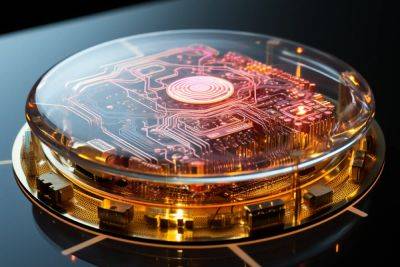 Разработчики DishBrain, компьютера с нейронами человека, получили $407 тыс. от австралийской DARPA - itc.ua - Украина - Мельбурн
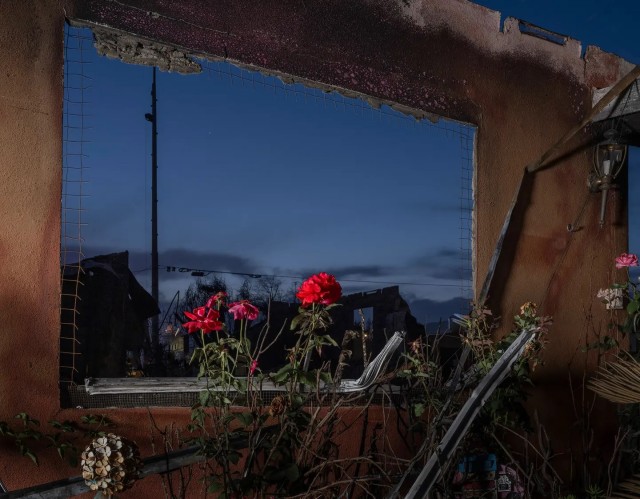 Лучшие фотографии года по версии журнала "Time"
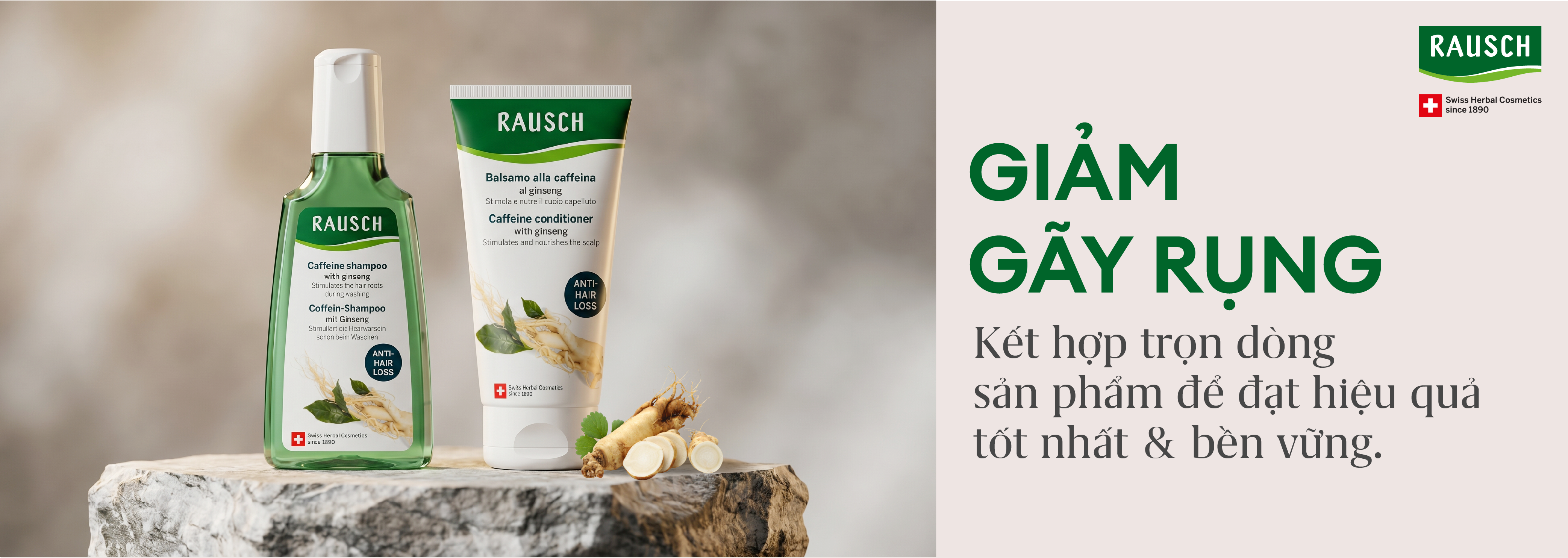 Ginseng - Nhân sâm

...

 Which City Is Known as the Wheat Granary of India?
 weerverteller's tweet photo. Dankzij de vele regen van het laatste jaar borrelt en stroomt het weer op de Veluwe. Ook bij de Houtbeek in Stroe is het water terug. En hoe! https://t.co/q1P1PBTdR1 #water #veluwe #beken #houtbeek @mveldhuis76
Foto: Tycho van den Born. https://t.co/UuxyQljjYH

WHAT THIS TASK INVOLVES. Make a list of all lines in the data that contain "https".

COMPLETED EXERCISE.
 weerverteller's tweet photo. Dankzij de vele regen van het laatste jaar borrelt en stroomt het weer op de Veluwe. Ook bij de Houtbeek in Stroe is het water terug. En hoe! https://t.co/q1P1PBTdR1 #water #veluwe #beken #houtbeek @mveldhuis76
Foto: Tycho van den Born. https://t.co/UuxyQljjYH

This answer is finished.